The situation has been a matter of concern for the Bar Association as well as legal experts, including former Supreme Court judges.

Senior members of the Bar Association argued that with the number of pending cases piling up, the strength of judges must be at least 50% of the sanctioned strength. 

“The ongoing shortage of judges is only having an adverse effect on the justice delivery system. It is the common people who are suffering,” said Mukherjee.

Describing the shortage of judges as an “unprecedented crisis” former Supreme Court judge Asok Kumar Ganguly said that “...the Centre has some responsibility here. I do not know why they are not clearing the recommendations made by the Supreme Court Collegium,” said Justice (retd) Ganguly.

He also said that with people becoming more conscious of their rights, they are approaching the courts in larger number. “The government is passing certain laws these days which impact the lives of common people and hence, they are approaching the courts. Moreover, there is almost no justice at the administrative level,” he said. 

The former judge also criticised the Centre over the issue. “The government has sadly failed in this regard (of maintaining adequate number of judges)," he said. 
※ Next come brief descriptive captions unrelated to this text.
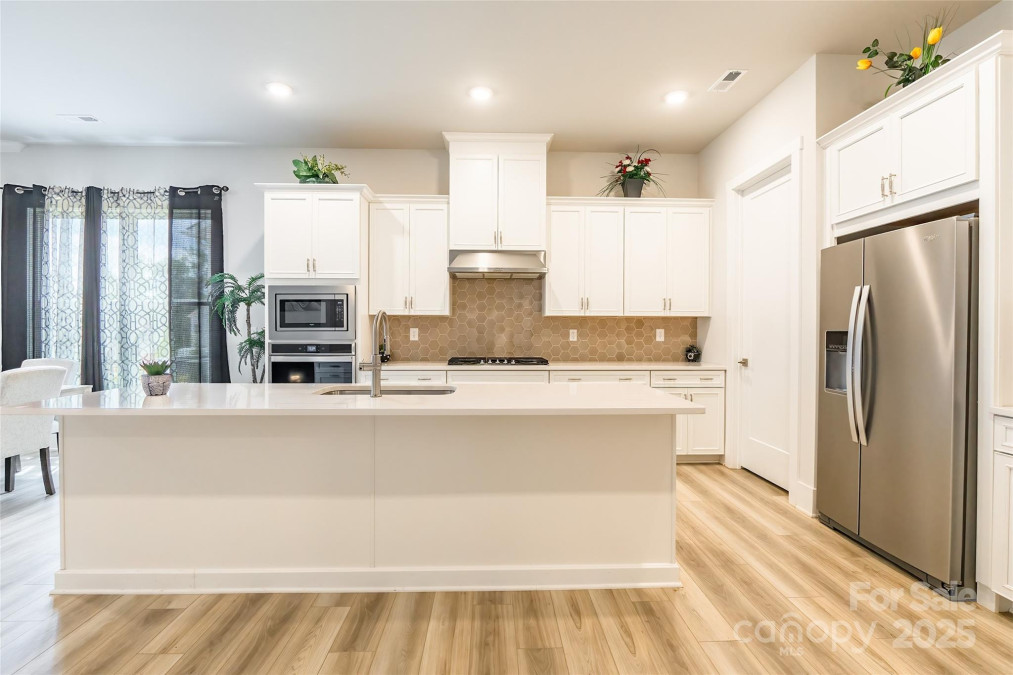 8008 Brookbank Dr Charlotte, NC 28269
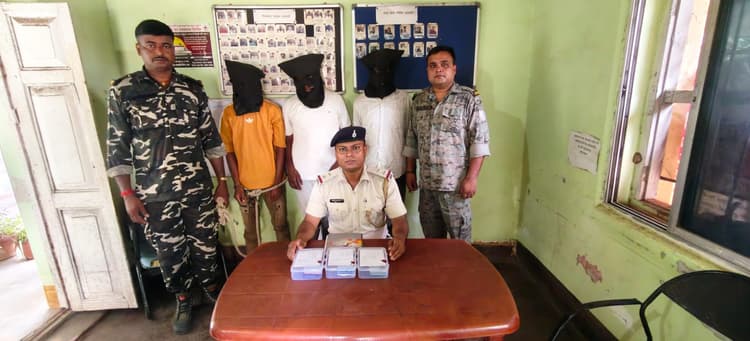 Deoghar News : मधुपुर में साइबर ठगी के खिलाफ छापेमारी, जामताड़ा के दो समेत तीन आरोपी गिरफ्तार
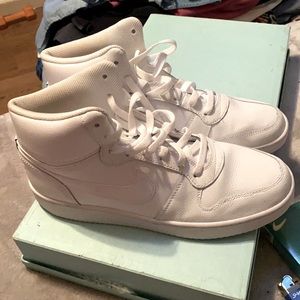 Men’s white Nike sneakers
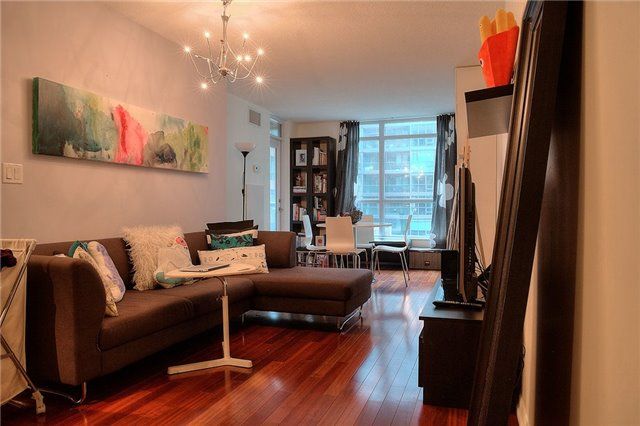 401 - 219 Fort York Blvd, Toronto, M5V1B1 | Image 2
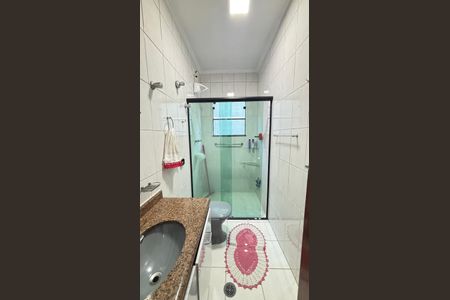 Casa à venda com 250m², 4 quartos e 6 vagasBanheiro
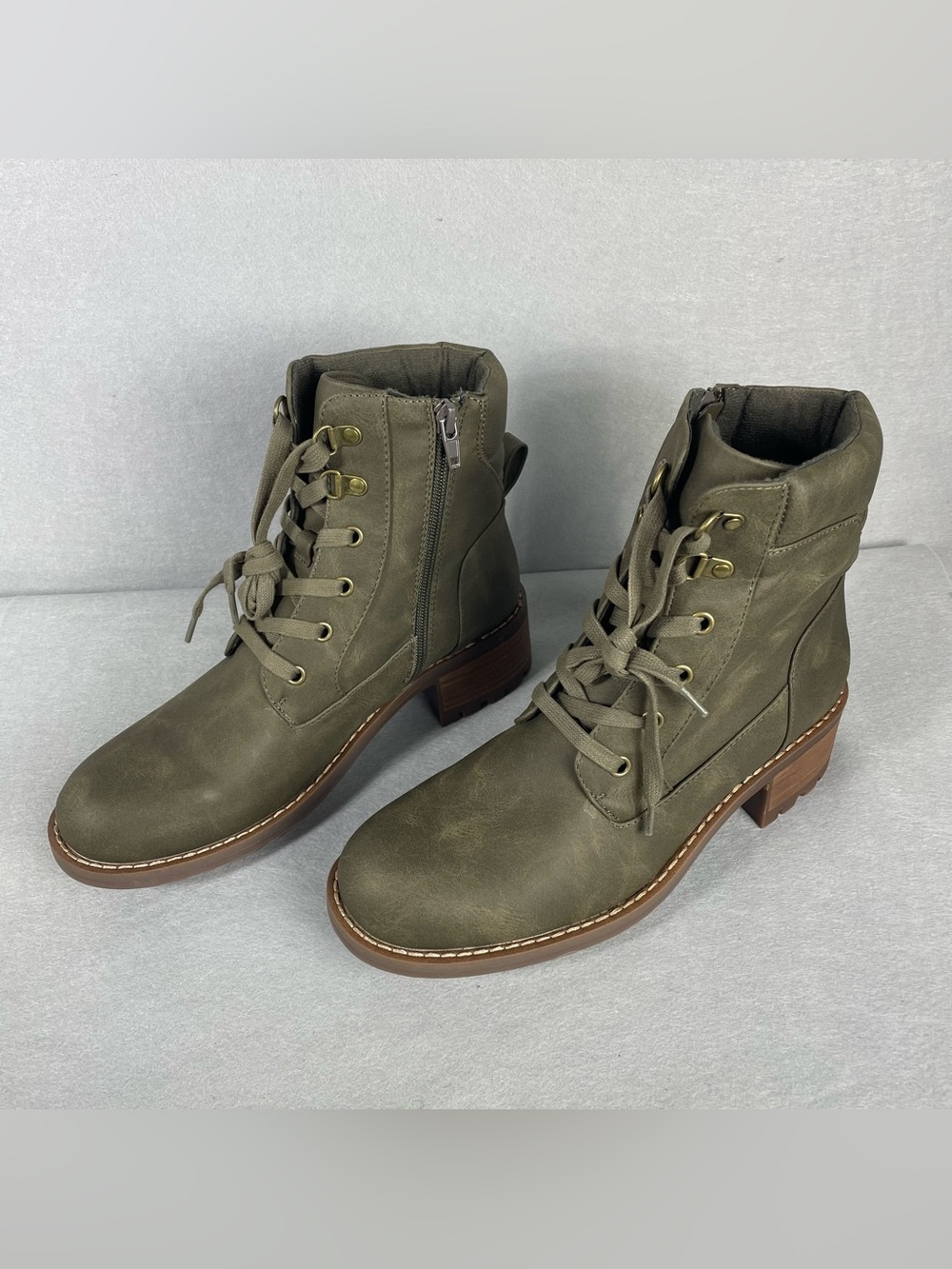 Crown Vintage Olive Lace-Up Ankle Boots with Block Heel NWOT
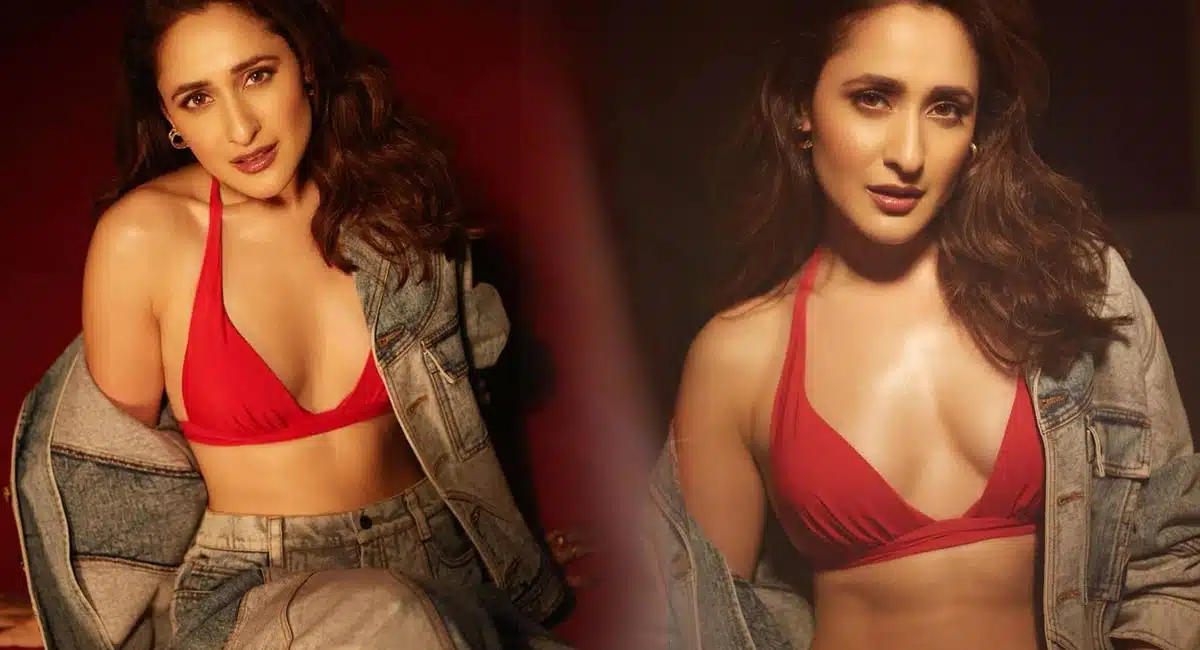 Pragya Jaiswal : ప్ర‌జ్ఞాజైస్వాల్ బ్లాస్టింగ్.. ఎద అందాల‌పై ఆ కెమెరా యాంగిల్స్ చూశారా..?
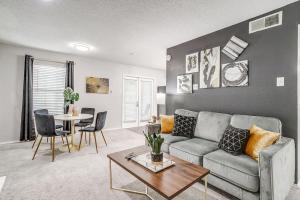 een woonkamer met een bank en een tafel bij Entire Place Washer Dryer Wi Fi 4K TV Pets Allowed in Arlington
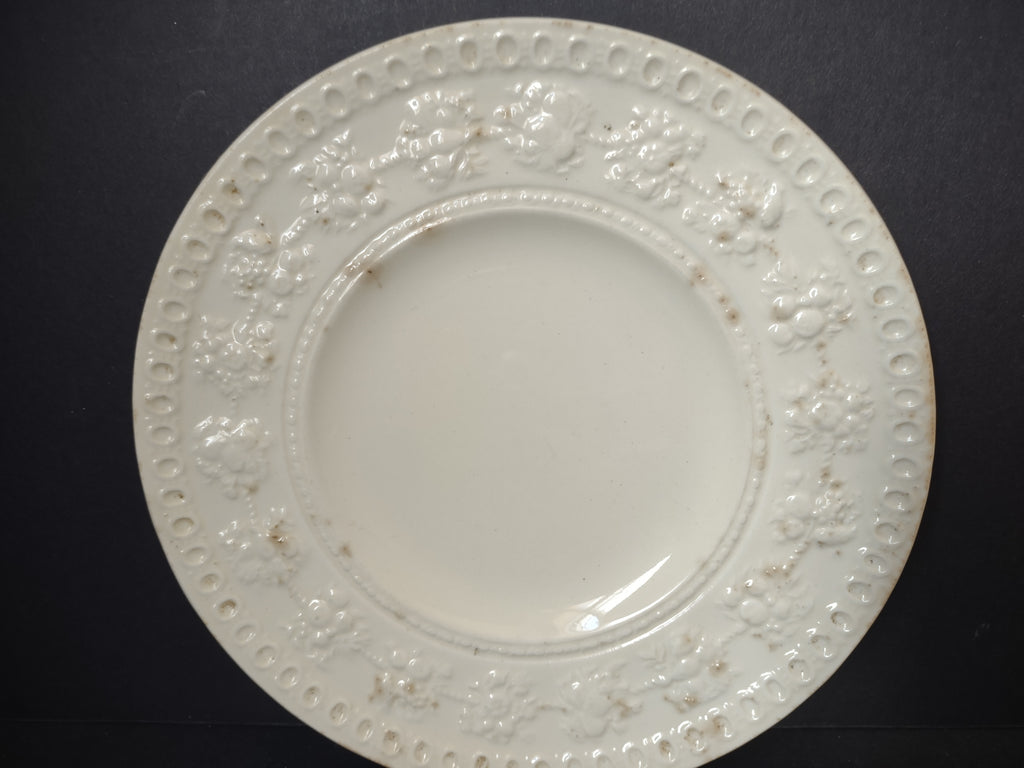 Vintage Wedgwood Wellesley Cream Embossed Plate Made in England [6311]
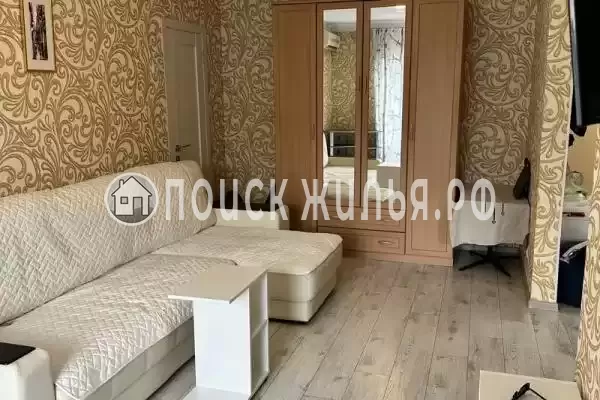 Квартира «У пляжа сады морей»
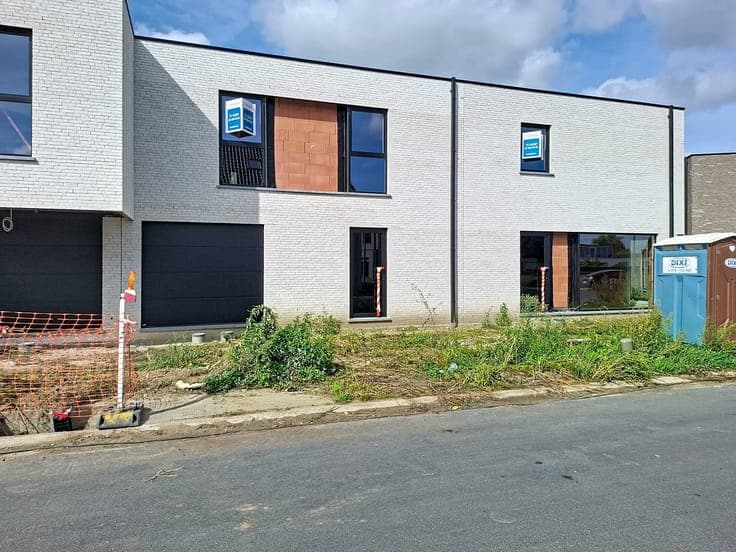 Energieneutrale gesloten bebouwing met garage en 4 slaapk...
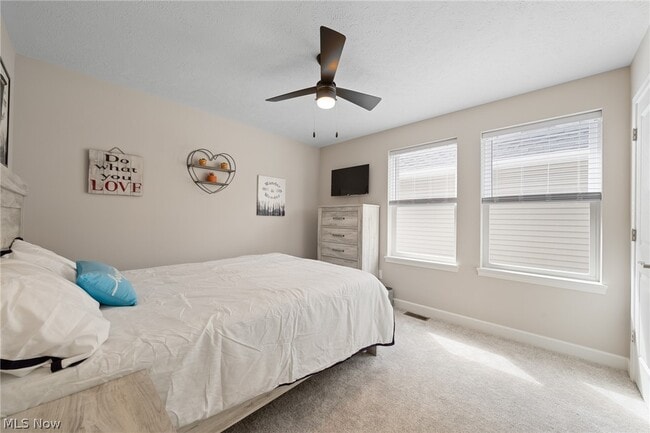 Building Photo - 2250 E 100th St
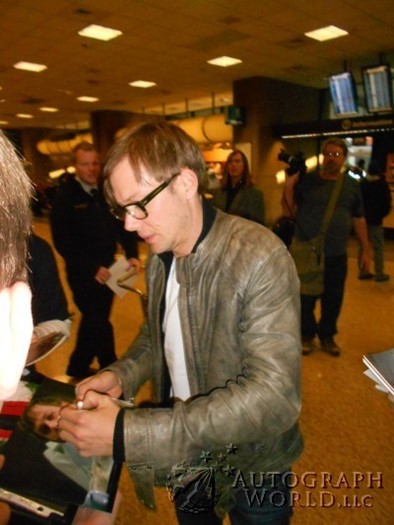 Jimmi Simpson autograph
Another former Supreme Court judge K S Panicker Radhakrishnan expressed his apprehension over the issue and said that the “matter has to be taken very seriously, both at the judicial and at the executive level. The number of pending cases is alarming, and resulting into the suffering of litigants.” 

Former Supreme Court judge Ruma Pal argued that in order to address the issue, it has to be found out that at which stage of the process the matter is getting held up. “Until the cause of the problem is known, it cannot be addressed properly,” she said.